[Source data]
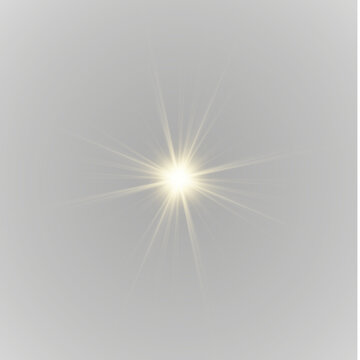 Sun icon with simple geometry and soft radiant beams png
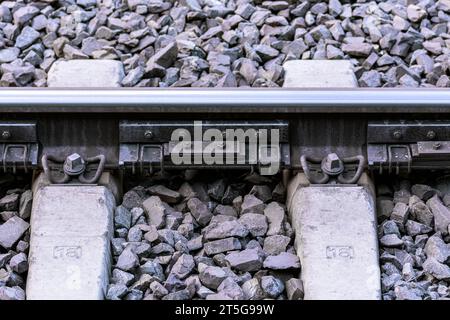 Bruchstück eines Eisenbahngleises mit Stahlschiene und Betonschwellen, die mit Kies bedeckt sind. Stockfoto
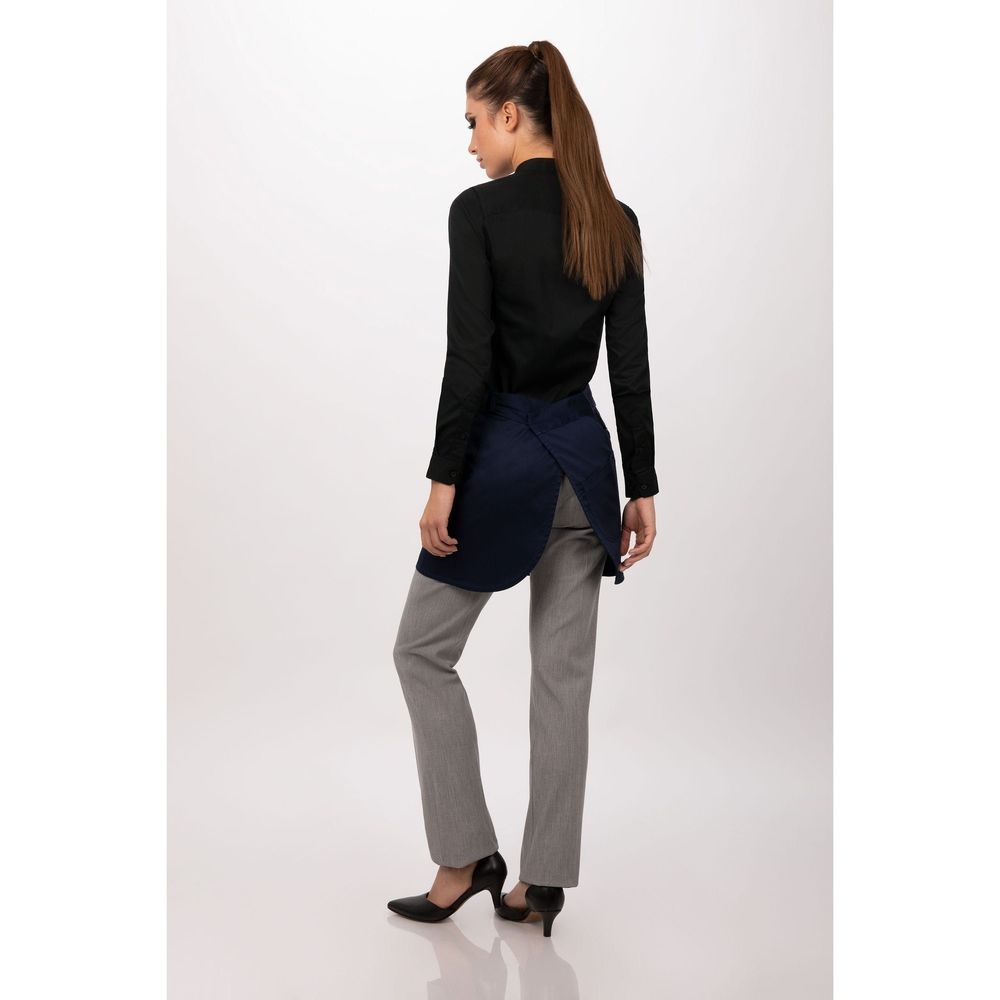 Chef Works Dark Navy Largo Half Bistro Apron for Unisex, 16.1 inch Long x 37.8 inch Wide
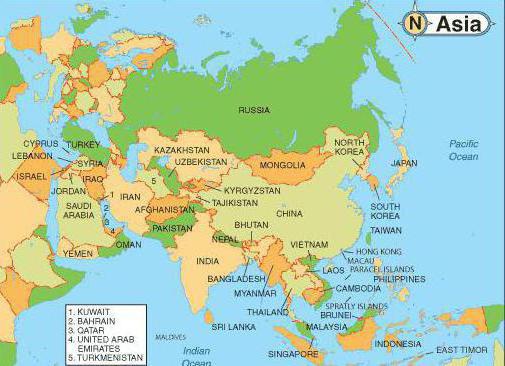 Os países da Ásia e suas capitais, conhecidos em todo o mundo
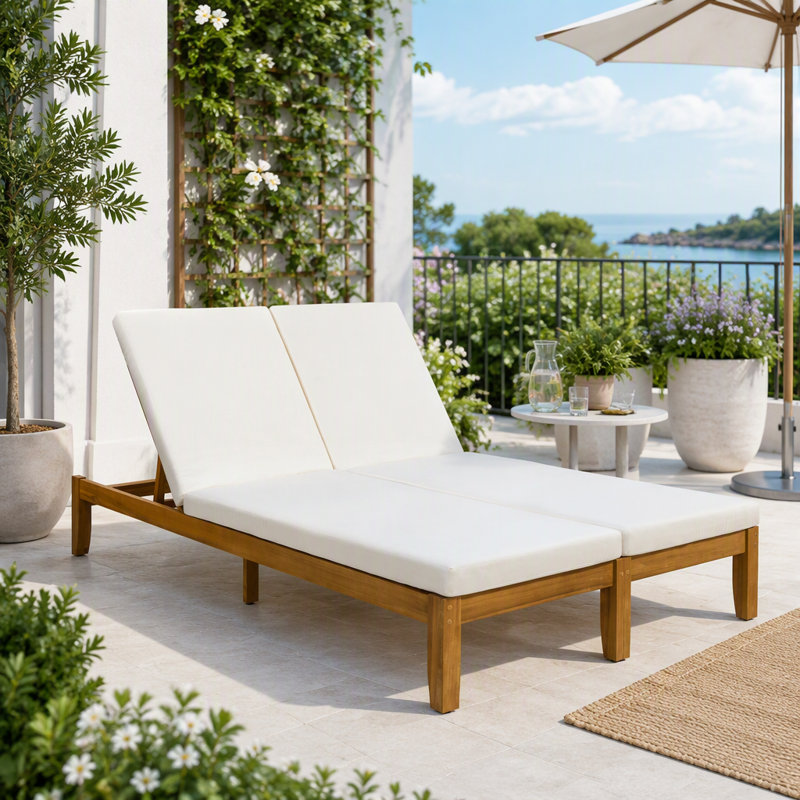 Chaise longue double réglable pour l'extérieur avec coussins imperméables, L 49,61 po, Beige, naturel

[What you are asked to do]
Pictures are to be omitted. Print exactly the lines from the line containing "Chef Works Dark" through the final line of the material above, both included.

[Written solution]
 Chef Works Dark Navy Largo Half Bistro Apron for Unisex, 16.1 inch Long x 37.8 inch Wide
 Os países da Ásia e suas capitais, conhecidos em todo o mundo
 Chaise longue double réglable pour l'extérieur avec coussins imperméables, L 49,61 po, Beige, naturel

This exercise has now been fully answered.